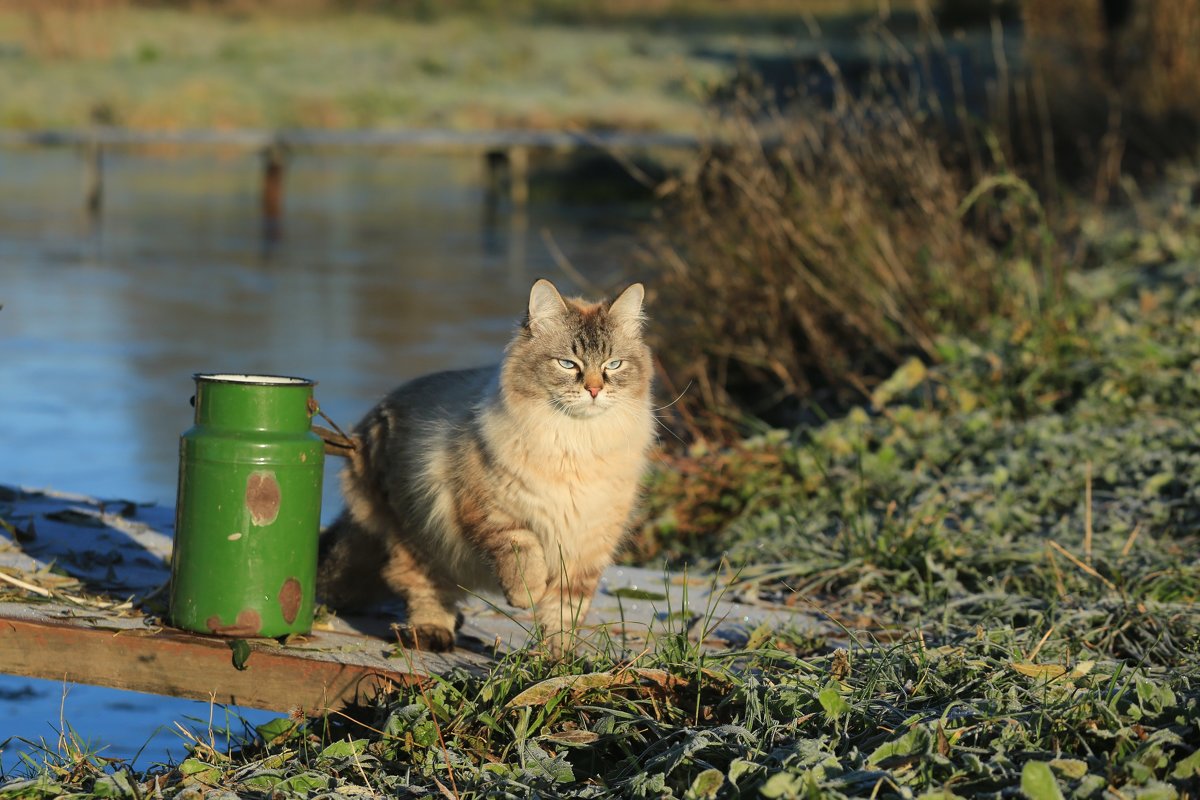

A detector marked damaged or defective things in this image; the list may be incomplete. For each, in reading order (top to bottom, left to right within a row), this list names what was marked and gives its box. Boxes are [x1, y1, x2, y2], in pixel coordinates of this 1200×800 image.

rust spot on can [246, 472, 280, 527]
rust spot on can [206, 614, 262, 638]
rust spot on can [278, 578, 302, 628]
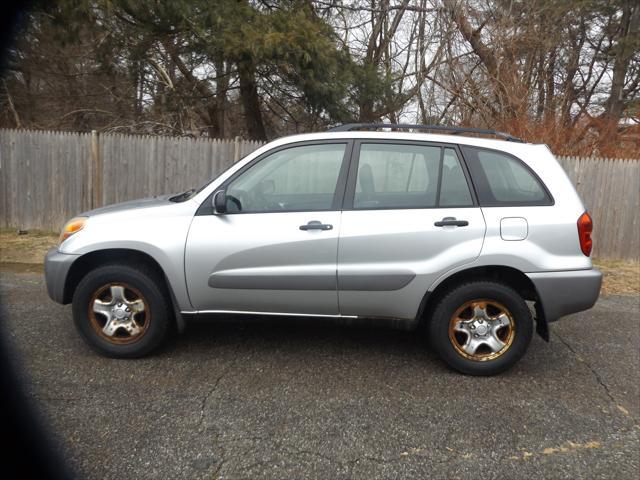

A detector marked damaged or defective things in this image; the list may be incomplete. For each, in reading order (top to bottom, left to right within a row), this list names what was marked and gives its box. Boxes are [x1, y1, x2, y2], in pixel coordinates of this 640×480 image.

cracked asphalt [0, 270, 636, 480]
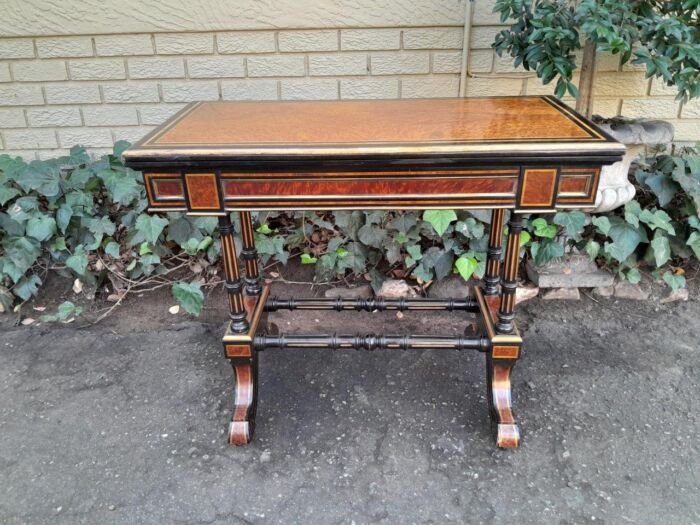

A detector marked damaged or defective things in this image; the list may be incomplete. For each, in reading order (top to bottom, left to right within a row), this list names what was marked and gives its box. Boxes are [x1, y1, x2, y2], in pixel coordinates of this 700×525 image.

cracked concrete surface [1, 284, 700, 520]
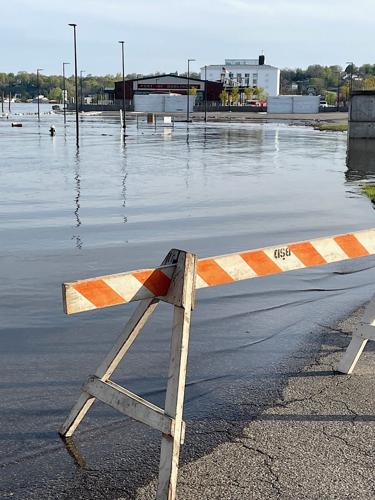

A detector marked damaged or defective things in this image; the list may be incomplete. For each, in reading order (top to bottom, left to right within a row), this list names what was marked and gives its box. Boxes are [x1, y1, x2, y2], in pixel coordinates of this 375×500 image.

cracked asphalt pavement [137, 306, 375, 498]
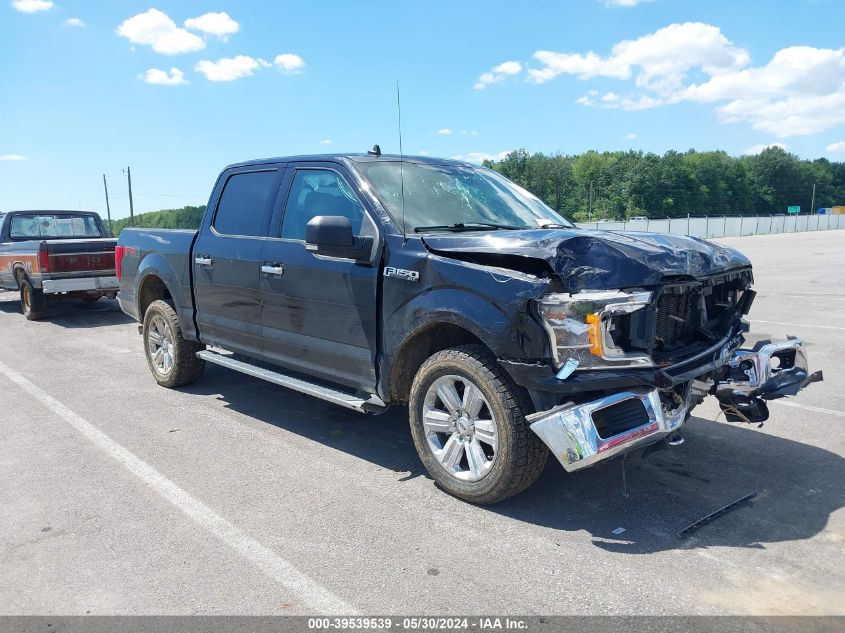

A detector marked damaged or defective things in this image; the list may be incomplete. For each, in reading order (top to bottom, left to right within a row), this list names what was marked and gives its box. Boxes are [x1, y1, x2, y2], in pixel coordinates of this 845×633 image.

damaged black ford f-150 [112, 153, 816, 504]
broken headlight [540, 290, 652, 370]
crumpled front bumper [528, 336, 816, 470]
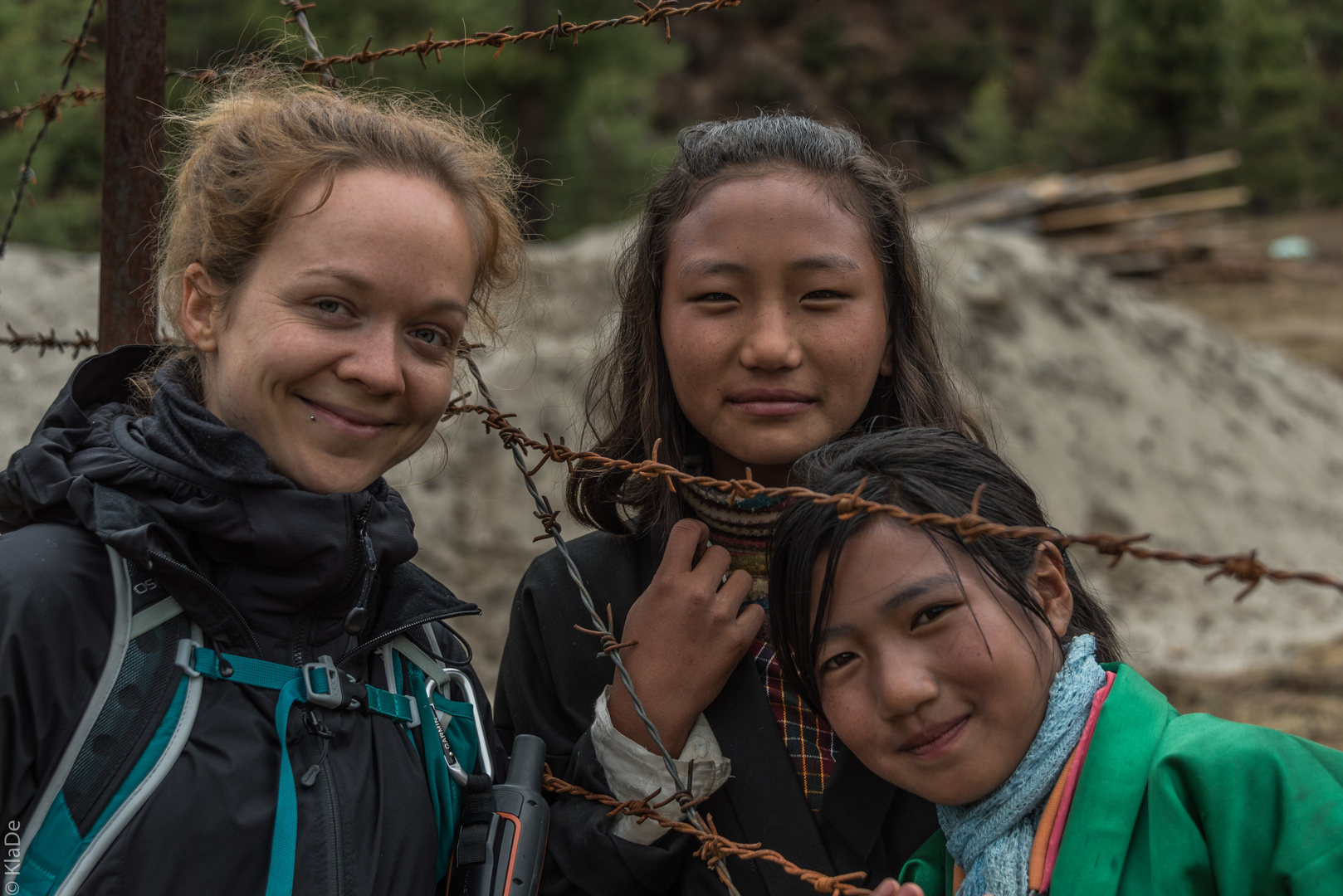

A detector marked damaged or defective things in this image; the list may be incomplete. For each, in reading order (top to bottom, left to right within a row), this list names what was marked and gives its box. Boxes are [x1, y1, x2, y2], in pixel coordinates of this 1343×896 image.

rusty barbed wire [0, 0, 102, 261]
rusty barbed wire [1, 325, 99, 357]
rusty barbed wire [448, 398, 1341, 601]
rusty barbed wire [541, 770, 870, 896]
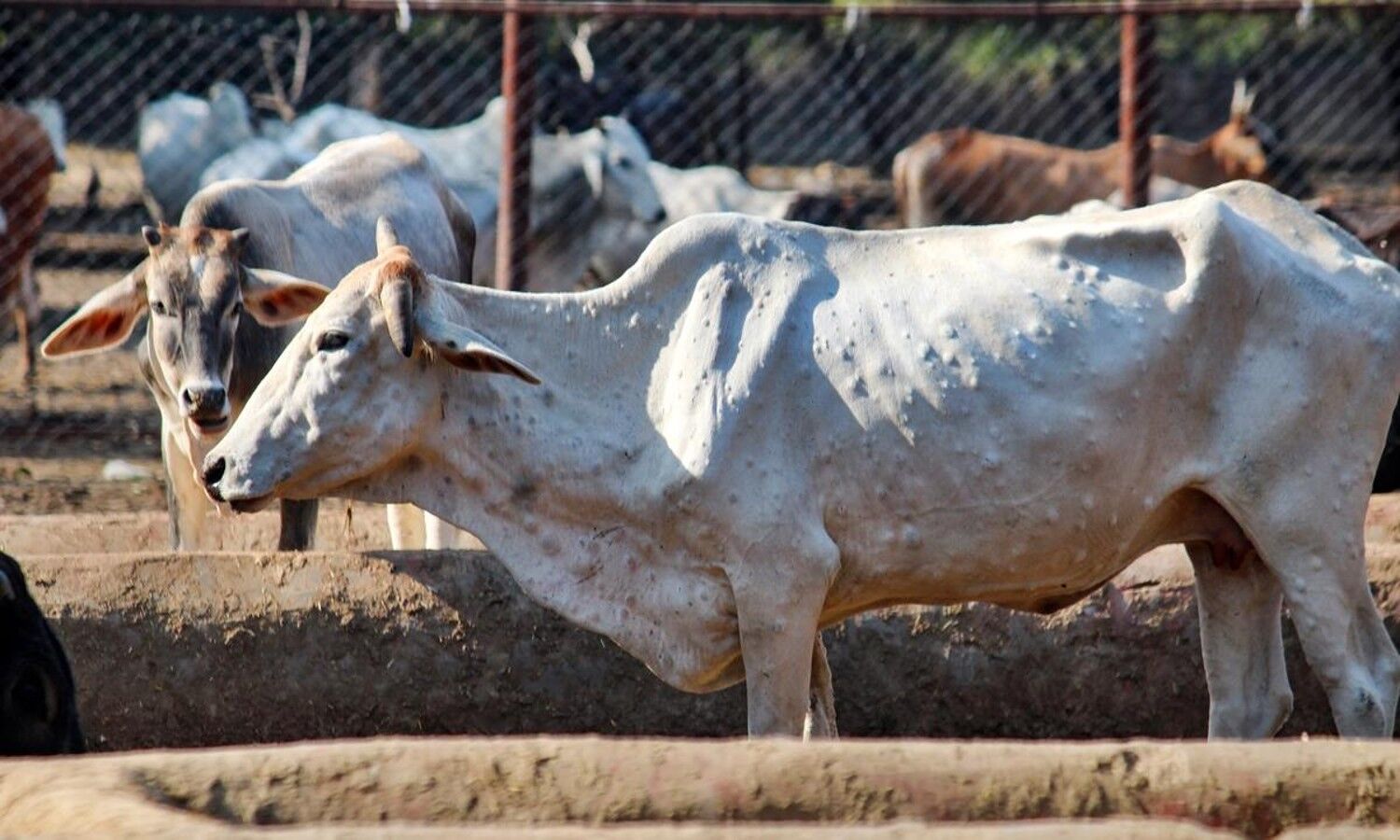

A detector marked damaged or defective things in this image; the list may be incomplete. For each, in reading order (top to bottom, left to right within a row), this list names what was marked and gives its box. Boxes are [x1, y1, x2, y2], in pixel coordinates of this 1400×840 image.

rusty metal fence post [496, 0, 532, 289]
rusty metal fence post [1120, 5, 1154, 208]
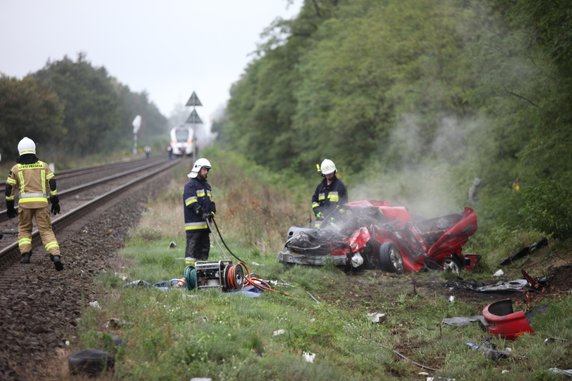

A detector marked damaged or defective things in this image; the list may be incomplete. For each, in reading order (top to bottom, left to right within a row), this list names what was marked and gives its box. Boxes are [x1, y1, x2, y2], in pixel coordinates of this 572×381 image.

wrecked red car [278, 200, 478, 272]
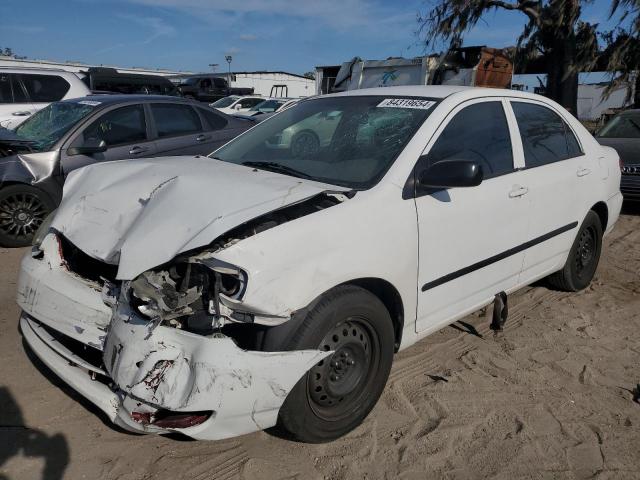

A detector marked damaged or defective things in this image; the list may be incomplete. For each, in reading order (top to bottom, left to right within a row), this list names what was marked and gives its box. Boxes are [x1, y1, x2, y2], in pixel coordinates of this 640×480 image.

crumpled front end [18, 232, 330, 438]
cracked bumper cover [18, 235, 330, 438]
damaged front bumper [18, 234, 332, 440]
broken headlight [129, 256, 246, 332]
crumpled hood [53, 156, 348, 280]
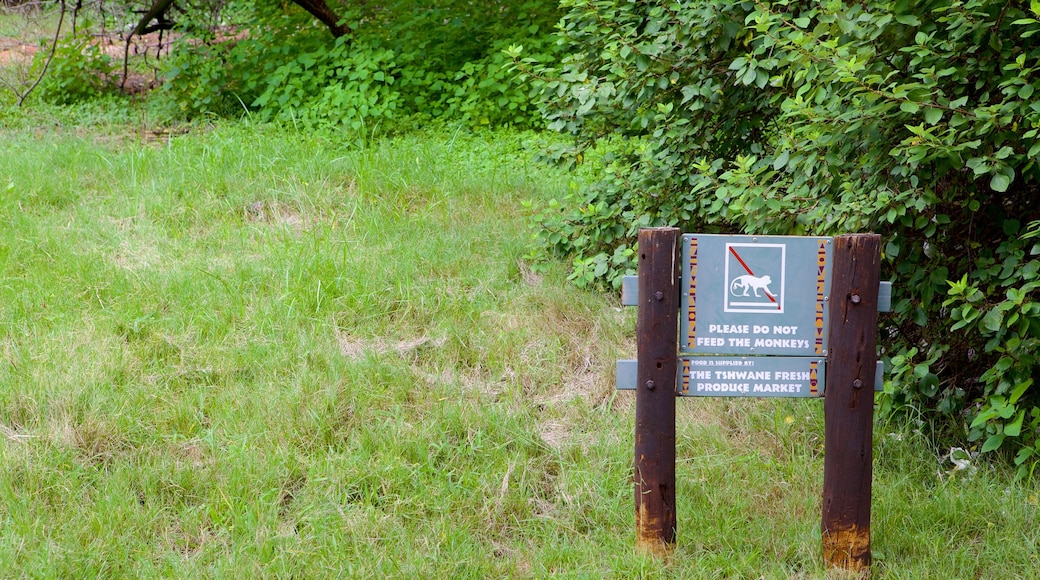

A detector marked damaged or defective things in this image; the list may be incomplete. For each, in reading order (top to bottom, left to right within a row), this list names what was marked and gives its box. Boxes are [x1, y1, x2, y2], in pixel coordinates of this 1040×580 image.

rusty wooden post [632, 226, 682, 552]
rusty wooden post [823, 232, 881, 573]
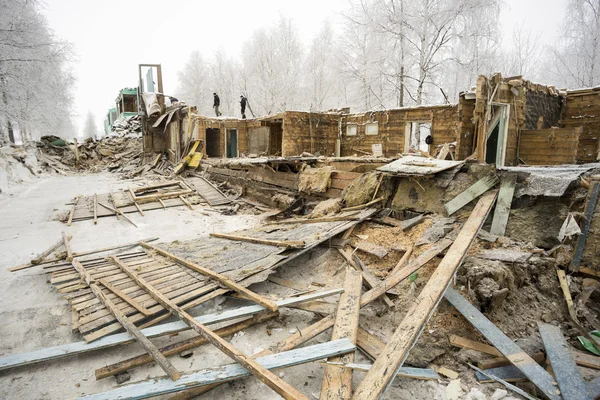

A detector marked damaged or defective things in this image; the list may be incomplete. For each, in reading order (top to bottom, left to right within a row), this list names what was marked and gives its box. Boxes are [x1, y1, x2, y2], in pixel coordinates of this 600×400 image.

broken wooden beam [442, 173, 500, 216]
broken wooden beam [488, 173, 516, 236]
broken wooden beam [69, 260, 179, 382]
broken wooden beam [95, 310, 278, 380]
broken wooden beam [136, 244, 278, 312]
broken wooden beam [113, 256, 310, 400]
broken wooden beam [79, 340, 354, 400]
broken wooden beam [322, 266, 358, 400]
broken wooden beam [352, 191, 496, 400]
broken wooden beam [442, 288, 560, 400]
broken wooden beam [540, 322, 592, 400]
▬▬▬▬▬▬▬▬▬▬
• **Assigned task**:
Copy the whole listing above word for word but do not carry over the pictures.

• **Response to the task**:
A detector marked damaged or defective things in this image; the list may be incomplete. For each, in reading order (top to bottom, left to right within a row), this list names what was marked and gives its box. Boxes are [x1, y1, x2, y2], in pixel coordinates of this 1200×800 image.

rust spot on can [246, 472, 280, 527]
rust spot on can [206, 614, 262, 638]
rust spot on can [278, 578, 302, 628]

A detector marked damaged or defective things in this image; the list may be incomplete. For each, in reading order (top to bottom, left to right within a row), this list names what was marked and gives its box. Boxes are [x1, y1, x2, y2], in pixel coordinates of this 640×480 image.

cracked asphalt [0, 270, 636, 480]

A detector marked damaged or defective things in this image; the list may be incomplete. For each, in reading order (top to bottom, left to right within a row), this list names what was marked and gives its box. Boxes are [x1, y1, x2, y2], in pixel coordinates of this 700×525 image.

cracked concrete surface [1, 284, 700, 520]

A detector marked damaged or defective things in this image; the list may be incomplete. For each, in reading order (top to bottom, left to right within a row), this list names what was marked and gives its box. Boxes are [x1, y1, x2, y2], in pixel coordinates of this 375×500 image.

cracked asphalt pavement [137, 306, 375, 498]

A detector marked damaged or defective things in this image; the list may be incomplete. For each, in reading order (top to bottom, left to right within a row), this list names what was marked and gives its box. Boxes are [x1, y1, x2, y2], in pixel coordinates of this 845×633 image.

damaged black ford f-150 [112, 153, 816, 504]
broken headlight [540, 290, 652, 370]
crumpled front bumper [528, 336, 816, 470]

A detector marked damaged or defective things in this image; the list may be incomplete. For each, in reading order (top to bottom, left to right within a row), this list names what was marked and gives its box. Boxes are [x1, y1, x2, y2], in pixel coordinates of this 1343×896 image.

rusty barbed wire [0, 0, 102, 261]
rusty barbed wire [1, 325, 99, 357]
rusty barbed wire [448, 398, 1341, 601]
rusty barbed wire [541, 770, 870, 896]

A detector marked damaged or defective things in this image; the list may be incomplete. For each, in reading order (top to bottom, left to right within a row), this list names what was marked and gives its box. Boxes are [x1, y1, x2, y2], in pixel coordinates of this 1400×840 image.

rusty metal fence post [496, 0, 532, 289]
rusty metal fence post [1120, 5, 1154, 208]

A detector marked damaged or defective things in this image; the list may be incomplete. For each, in reading order (top to bottom, left to right within a row), this list names what was marked and gives its box. Boxes are [x1, y1, x2, y2], in pixel coordinates of this 572×381 image.

wrecked red car [278, 200, 478, 272]

A detector marked damaged or defective things in this image; the list may be incomplete. For each, in reading order (top to bottom, left to right within a row), this list names what was marked and gives its box. Boxes are [x1, y1, x2, y2], in pixel coordinates of this 640×480 image.

crumpled front end [18, 232, 330, 438]
cracked bumper cover [18, 235, 330, 438]
damaged front bumper [18, 234, 332, 440]
broken headlight [129, 256, 246, 332]
crumpled hood [53, 156, 348, 280]

A detector marked damaged or defective things in this image; the list may be incomplete. For each, in reading order (top to bottom, left to right within a row), this list names what was marked and gives its box. Boxes are [x1, y1, x2, y2], in pixel coordinates of this 1040×580 image.

rusty wooden post [632, 226, 682, 552]
rusty wooden post [823, 232, 881, 573]

A detector marked damaged or defective things in this image; the list may be incomplete. For each, in reading order (top to bottom, left to right within a row), this list names what was marked and gives its box. Boxes are [x1, y1, x2, y2], in pixel coordinates of this 600×400 image.

broken wooden beam [442, 173, 500, 216]
broken wooden beam [488, 173, 516, 236]
broken wooden beam [69, 260, 179, 382]
broken wooden beam [95, 310, 278, 380]
broken wooden beam [136, 244, 278, 312]
broken wooden beam [113, 256, 310, 400]
broken wooden beam [79, 340, 354, 400]
broken wooden beam [322, 266, 358, 400]
broken wooden beam [352, 191, 496, 400]
broken wooden beam [442, 288, 560, 400]
broken wooden beam [540, 322, 592, 400]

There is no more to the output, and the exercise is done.